Bei Hoffmann und Campe erscheint der neue Brenner-Krimi von Wolf Haas („Müll“, 2.3.), Jan-Costin Wagner liefert den zweiten Teil seiner Reihe um das neue Ermittlerduo Neven/Sandner („Am roten Strand“, 10.3.). Verspätet gibt es ab Ende Januar – ursprünglich geplant war der vergangene September – Martin Suters Schweinsteiger-Roman „Einer von euch“ zu lesen. Die Verzögerung hat das Interesse eher noch wachsen lassen, so was aber auch; wie wohl ein Schweizer von den Heldentaten eines teutonischen Kickers erzählen mag?

Wenn Orhan Pamuk die Federkielspitze der internationalen Literatur in diesem Jahr ist, dann kann 2022 sowieso kein schlechtes Jahr werden. Auch sonst klingt die Importliste vielversprechend. So soll es auch auf Deutsch die neuen Romane von Gary Shteyngart („Landpartie“, 23.5.), Laetitia Colombani („Das Mädchen mit dem Drachen“, 23.2.), Ann Tyler („Eine gemeinsame Sache“, 8.3.), Karl Ove Knausgård („Der Morgenstern“, 11.4.) und Yasmina Reza („Serge“, 24.1.) zu lesen geben.

Ein Lese-Muss: „Wir wüssten, wir könnten, und fallen synchron“

Das in der westlichen Hemisphäre nächste größte Ereignis der Literatur könnte aber tatsächlich das neue Buch der seit dem Erscheinen des Romans „Ein wenig Leben“ im Jahr 2015 hochgehandelten US-Amerikanerin Hanya Yanagihara sein. „Zum Paradies“, 900 Seiten lang, umfasst als ein Buch eigentlich drei Romane. Im Stile eines Pageturners erzählt Yanagihara von den Jahren 1893, 1993 und 2093. Und vom Menschen und seinen Begierden: Ein Werk, dessen Erzählsog man sich gerade aufgrund der Maßlosigkeit tatsächlich nicht entziehen kann.

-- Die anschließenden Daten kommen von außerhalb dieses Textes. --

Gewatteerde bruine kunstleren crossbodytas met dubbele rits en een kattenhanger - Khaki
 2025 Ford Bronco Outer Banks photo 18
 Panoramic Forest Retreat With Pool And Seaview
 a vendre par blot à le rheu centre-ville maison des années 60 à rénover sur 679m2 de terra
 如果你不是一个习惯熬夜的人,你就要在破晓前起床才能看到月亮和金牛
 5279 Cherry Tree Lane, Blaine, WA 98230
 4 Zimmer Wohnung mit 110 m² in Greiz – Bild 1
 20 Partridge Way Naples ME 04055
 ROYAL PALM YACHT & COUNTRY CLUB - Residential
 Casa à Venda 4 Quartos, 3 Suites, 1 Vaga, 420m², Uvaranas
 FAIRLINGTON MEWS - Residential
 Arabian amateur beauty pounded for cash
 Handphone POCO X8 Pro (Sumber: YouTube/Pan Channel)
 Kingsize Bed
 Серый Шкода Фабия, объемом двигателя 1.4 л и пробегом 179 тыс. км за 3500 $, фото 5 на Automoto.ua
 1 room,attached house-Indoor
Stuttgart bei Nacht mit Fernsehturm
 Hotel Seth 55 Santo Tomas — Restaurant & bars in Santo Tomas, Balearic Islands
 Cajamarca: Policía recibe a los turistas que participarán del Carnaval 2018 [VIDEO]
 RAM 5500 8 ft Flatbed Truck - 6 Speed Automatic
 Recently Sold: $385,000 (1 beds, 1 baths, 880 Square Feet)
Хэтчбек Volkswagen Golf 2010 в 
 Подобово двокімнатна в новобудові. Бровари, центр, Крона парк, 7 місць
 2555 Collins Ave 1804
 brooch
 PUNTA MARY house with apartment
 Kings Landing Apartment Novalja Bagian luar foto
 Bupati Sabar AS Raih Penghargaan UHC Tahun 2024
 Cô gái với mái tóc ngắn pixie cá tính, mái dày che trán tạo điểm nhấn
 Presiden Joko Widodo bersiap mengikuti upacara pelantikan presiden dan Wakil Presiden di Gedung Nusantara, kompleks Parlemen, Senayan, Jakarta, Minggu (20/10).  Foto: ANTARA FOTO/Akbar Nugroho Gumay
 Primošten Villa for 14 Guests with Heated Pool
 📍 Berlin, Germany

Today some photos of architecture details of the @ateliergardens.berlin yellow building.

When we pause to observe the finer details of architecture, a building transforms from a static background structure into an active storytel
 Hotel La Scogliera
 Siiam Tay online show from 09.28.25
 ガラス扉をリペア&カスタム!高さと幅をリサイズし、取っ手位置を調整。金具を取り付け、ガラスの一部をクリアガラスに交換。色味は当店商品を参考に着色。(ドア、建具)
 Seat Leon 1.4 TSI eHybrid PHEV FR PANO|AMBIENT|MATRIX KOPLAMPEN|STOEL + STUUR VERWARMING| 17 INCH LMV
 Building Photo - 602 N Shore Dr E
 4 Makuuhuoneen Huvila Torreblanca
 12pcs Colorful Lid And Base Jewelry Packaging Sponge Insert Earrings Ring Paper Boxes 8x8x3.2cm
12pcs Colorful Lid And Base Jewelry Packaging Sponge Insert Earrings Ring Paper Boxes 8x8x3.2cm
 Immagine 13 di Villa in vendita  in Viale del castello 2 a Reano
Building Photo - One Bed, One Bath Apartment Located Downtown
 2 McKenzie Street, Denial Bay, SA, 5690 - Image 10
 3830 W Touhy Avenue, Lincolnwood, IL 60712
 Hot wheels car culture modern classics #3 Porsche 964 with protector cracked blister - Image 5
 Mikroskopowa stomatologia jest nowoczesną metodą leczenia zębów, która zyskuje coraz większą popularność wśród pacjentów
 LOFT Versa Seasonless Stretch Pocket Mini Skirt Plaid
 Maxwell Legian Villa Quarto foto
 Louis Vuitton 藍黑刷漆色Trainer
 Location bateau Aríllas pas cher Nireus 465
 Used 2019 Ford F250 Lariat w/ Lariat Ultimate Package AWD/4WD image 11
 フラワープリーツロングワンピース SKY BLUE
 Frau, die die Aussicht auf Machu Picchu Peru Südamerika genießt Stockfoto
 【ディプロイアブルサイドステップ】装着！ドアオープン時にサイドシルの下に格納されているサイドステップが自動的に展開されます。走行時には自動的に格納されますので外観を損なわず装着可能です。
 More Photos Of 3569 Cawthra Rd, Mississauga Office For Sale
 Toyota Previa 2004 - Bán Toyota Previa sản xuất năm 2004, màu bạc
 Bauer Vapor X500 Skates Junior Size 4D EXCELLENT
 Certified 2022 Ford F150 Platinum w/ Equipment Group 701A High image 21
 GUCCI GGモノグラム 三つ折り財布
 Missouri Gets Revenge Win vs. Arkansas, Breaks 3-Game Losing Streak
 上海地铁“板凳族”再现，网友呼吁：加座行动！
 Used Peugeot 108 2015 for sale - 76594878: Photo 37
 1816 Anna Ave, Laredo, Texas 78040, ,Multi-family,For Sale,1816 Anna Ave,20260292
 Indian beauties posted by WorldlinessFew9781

Wie stets als Abschluss des Schweinsgalopps durch Buchgestrüpp – der beste Titel. Er stammt von der in Wiesbaden und Kaiserslautern aufgewachsenen Yade Yasemin Önder und macht ihren im März erscheinenden Debütroman zum Lese-Muss. „Wir wüssten, wir könnten, und fallen synchron“: Herrlich, wirklich ganz herrlich. Mit Worten kann man ganz schön viel anstellen.